While I didn’t hear too much about the story itself — save that it would feature similar “bromance” themes — I did get an opportunity to play the game. It’s quite thrilling to fly around in the original F14 Tomcat from the movie, but the final feature will have more crafts available. The game functions largely like most dogfighters, though, it’s upper-hand comes in its easy and intuitive controllability.
Unlike many similar games, tracking down enemy crafts feels natural, and there isn’t a lot of time trying to weave around enemies as they seem to always be behind you, no matter how hard you try to get them in your sights. This is achieved by having an intuitive two-stick design — on the right stick; forward to boost, back to stall, and all the in-betweens to juke. In line with being able to track enemies better comes the hardlock function. When the player tracks an enemy long enough, taking pot shots along the way, a prompt for the ‘x’ button appears that puts the gunplay first as the craft pilots itself.
When the player is in hardlock, the camera becomes focused on the enemy, and the players reticule becomes paramount in targeting. By positioning the aim correctly, the player may lock on to the enemy and get a missile kill. To do this successfully, the player must appropriately react to analog-stick QTEs that appear on-screen.

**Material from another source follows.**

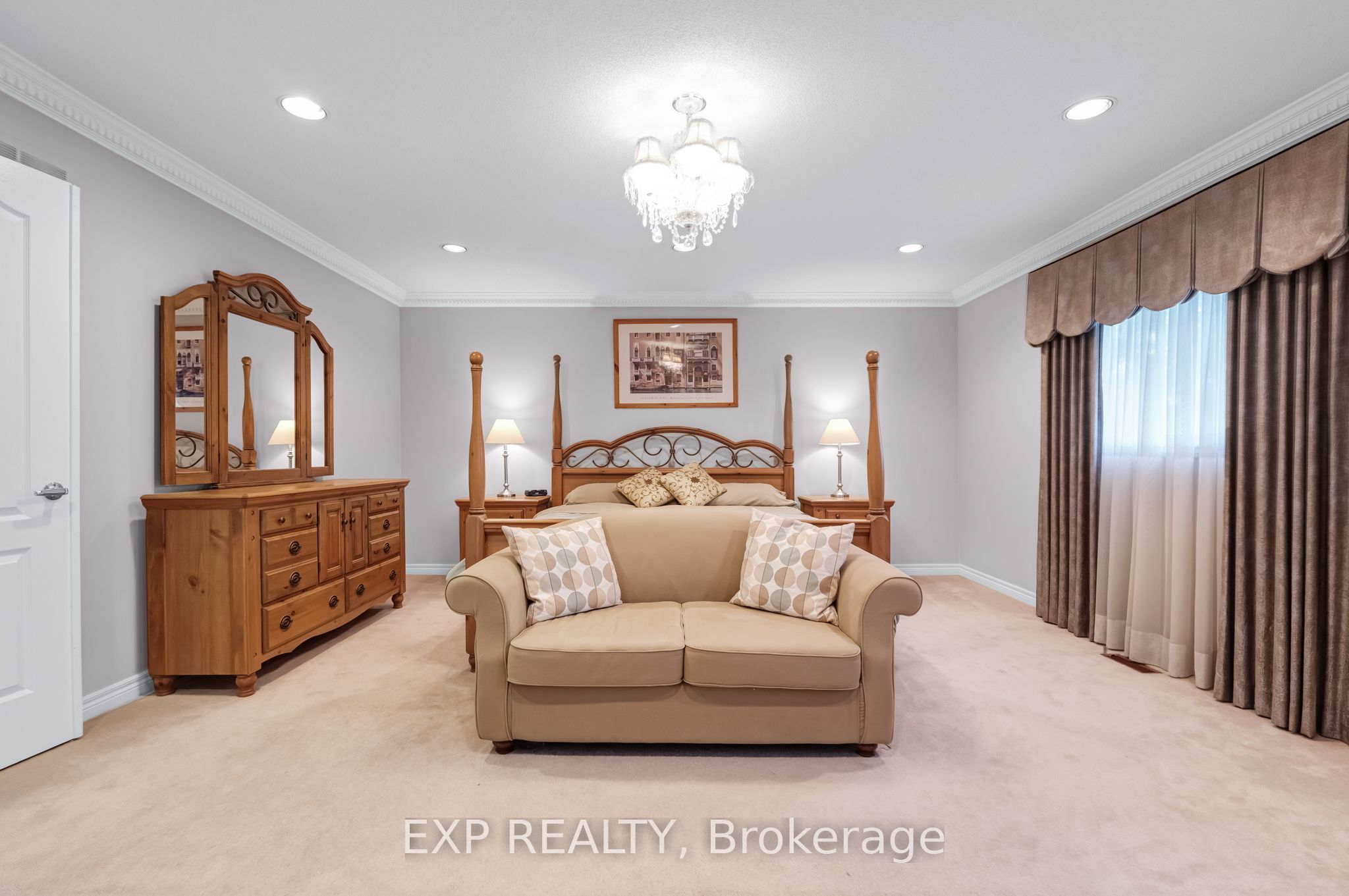 591 Plantation Gate Property Photo 24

If the player fails at this, the hardlock may be turned around onto the player. If this happens, players must dodge potshots themselves and hop not to be missile locked. This feature proves to be quite satisfying, and is said to get more difficult and sensitive as the game progresses.
The simple, yet satisfying gameplay is set to an absolutely beautiful enviornment. Headstrong’s in-house engine provides dynamic lighting and scenery, as well as a breathtakingly beautiful sunsets that change the sky as the battle goes on. Even though the build I saw was impressively presented, I was told that it was still being improved and had some improvements already finished that weren’t seen on the E3 build.
Top Gun: Hardlock was a lot of fun for the few minutes that I played it. The game was simple enough to pick up and play, while remaining be a satisfying challenge. It’s clear that the game itself is well-executed, but what will make or break the game is it’s longevity as a fun experience. With a campaign said to be 20 hours, the game must prove to be dynamic and challenging.